The ownership and management feels it in a diffuse sort of way. In a way, they may not feel it at all. Things might be OK from their perspective.
But the sales team feels it in a more acute, tangible way. They viscerally feel the lack of power in the sale; the shaky power and value dynamics they’re dealing with.
The idea: might it be possible to sell this change upward into the organization, starting with the sales team?
My initial response: probably not. The drive to make a market position change has to come from ownership/management or it just won’t work.
My response after sleeping on it: probably not. I want it to work, but it doesn’t seem likely.
I want it to work because pain can create buying urgency for my services, especially when it’s felt by the right people.

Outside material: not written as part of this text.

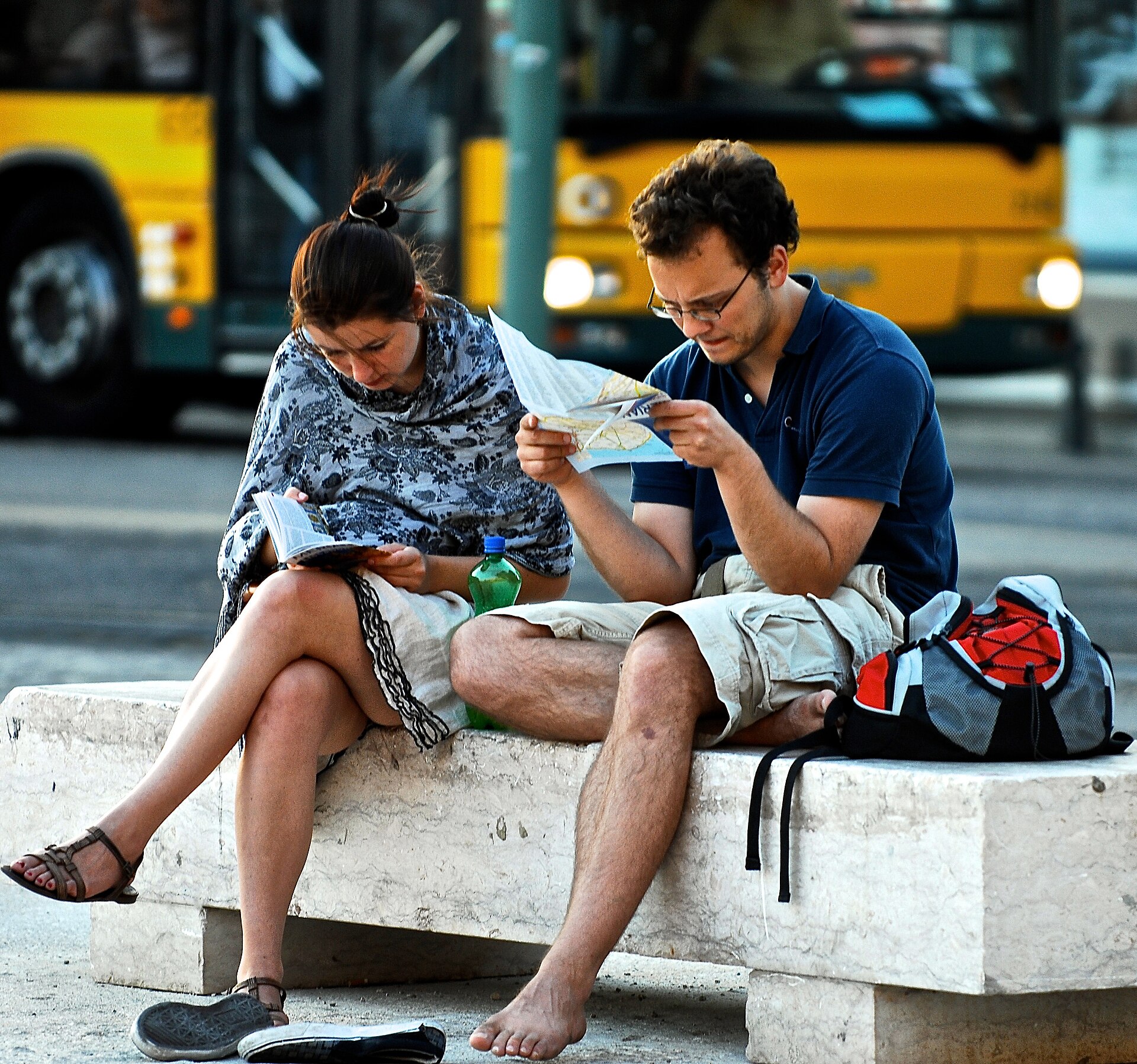 Two travellers consulting maps while seated outdoors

In larger organizations, those “right people” are often insulated from many forms of business pain.
In “Specializing Without Failure“, I provide a checklist of 9 things you should understand about a market before focusing on that market.
But as I coach ever more people through market research, I keep finding ways to simplify that list of 9 items into fewer:
- Who within the org buys?
- What do they buy?
- How long does it take them to buy?
- Why do they buy?
That’s the minimum viable corpus of insight we need into a market, and — if you’re entering a new market — the most convenient place to quickly get this insight is your future competitors.
• • •
On one hand, the above list really simplifies things: only try to sell services that have a known type of buyer with a history of buying similar services.
On the other hand: frustrating! There are so many places to improve things, so many places where parts of an org experience pain. Those all seem like sales opportunities.
But if the pain is divorced from the budget, the sale might not be easy. It might not be possible at all.